How Indiana jumped from Common Core but got on board with preschool

A pair of education firsts from the just-completed Indiana legislature came with an usual twists last week, as the state traded outlier status on one national education issue for the same position for another.

Simultaneously, Hoosiers dropped out of of a group of 45 states that have agreed to share Common Core standards while also joining in on another education front by becoming the 42nd state to offer direct state aid for preschool.

Driving the state in these different directions were politics, timing and changing attitudes. But to some it was one step forward, one step back.

That’s certainly how Democrats felt. They’d like a much bigger preschool program and found the arguments that prevailed on Common Core — that the it threatened the state’s freedom to manage its own education policy — ludicrous, said Rep. Scott Pelath, D-Michigan City, the Democratic leader in the Indiana House.

“It’s a little bit embarrassing,” he said. “I don’t know what it says about Indiana. It doesn’t necessarily shed us in the best light.”

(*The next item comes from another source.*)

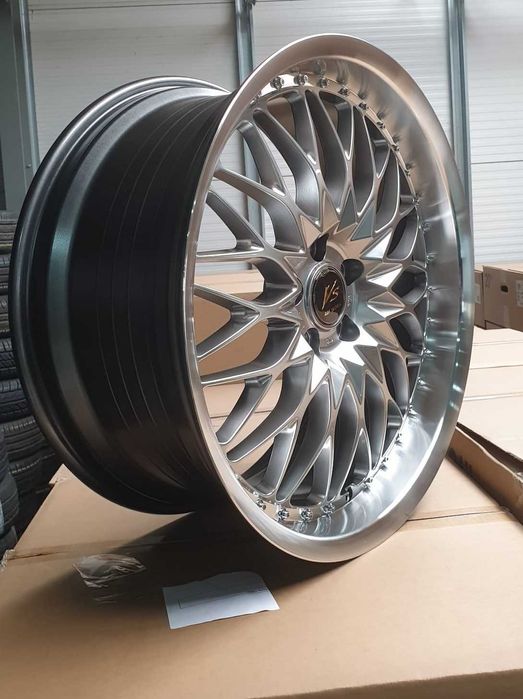 JNCN419/420-Jantes 19 Réplicas Work para série F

But Republican Gov. Mike Pence defended the state’s approach to both issues as sensible.

“It’s the Indiana way,” he said. “We deliberate, we consider and we’re careful.”

Still, how did it happen?

In 2o12, nobody would have believed Common Core was in trouble in Indiana. It had strong support from the governor, state superintendent and nearly all the key education decision-makers among the Republican legislative leadership, which controlled super majorities in the statehouse. But when some of those players changed, the landscape quickly shifted.

For preschool, proponents were dispirited in 2013 when a small preschool pilot proposal went nowhere in the legislature. But over the course of a year, business-connected supporters pushed harder and eventually piqued the interest of a new governor, who became a critical ally.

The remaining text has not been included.